Bild: Hier wollen die Kandidatinnen und Kandidaten hin: Das Europa-Parlament in…
Berlin wird nach der Europawahl am 26. Mai 2019 fast komplett mit neuen
Gesichtern im Straßburger Parlament vertreten sein. Allein bei der
Linkspartei deutet sich Kontinuität an. Bei den anderen im Abgeordnetenhaus
vertretenen Parteien hingegen – SPD, CDU, Grüne, AfD und FDP – treten an
aussichtsreicher Stelle durchweg nur Frauen und Männer an, die bislang
keine Europaparlamentarier sind.
An diesem Wochenende stellen Grüne und CDU ihre Kandidaten auf. Die SPD hat
sich schon im Juni festgelegt, die FDP folgte vor einer Woche. Die AfD
nominiert Mitte November, die Linkspartei erst Ende Februar. In Politrente
gehen im Mai unter anderem der grüne Verkehrsexperte Michael Cramer und
der frühere CDU-Landeschef Joachim Zeller.

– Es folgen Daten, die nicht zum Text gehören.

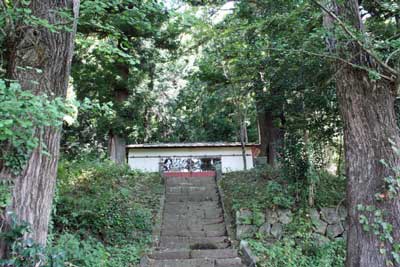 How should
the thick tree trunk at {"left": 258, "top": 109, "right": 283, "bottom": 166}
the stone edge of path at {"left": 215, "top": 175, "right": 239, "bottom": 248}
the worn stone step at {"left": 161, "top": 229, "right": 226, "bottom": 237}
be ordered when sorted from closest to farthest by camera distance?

Die 96 deutschen Sitze im Europäischen Parlament werden allein über die
Kandidatenlisten der Parteien vergeben, Wahlkreise wie bei Landtags- oder
Bundestagswahlen gibt es nicht. Den meisten Parteien liegt aber durchaus
daran, auf ihrer Liste Kandidaten möglichst vieler Landesverbände
unterzubringen, um bei dem vielen Wählern fernen Thema Europa regional
verankert zu sein.
Die einzige Partei ohne Bundesliste ist die CDU: Weil in Bayern die CSU
antritt, muss sie in jedem der anderen 15 Bundesländer eine Landesliste
aufstellen. Kleinere Landesverbände müssen bangen, einen Sitz für eigene
Leute zu bekommen. Das gilt auch für Berlin, auch wenn die hiesige CDU
stets einen Mann – eine Frau noch nie – im Europaparlament hatte. „Es ist
immer knapp“, sagt Generalsekretär Stefan Evers.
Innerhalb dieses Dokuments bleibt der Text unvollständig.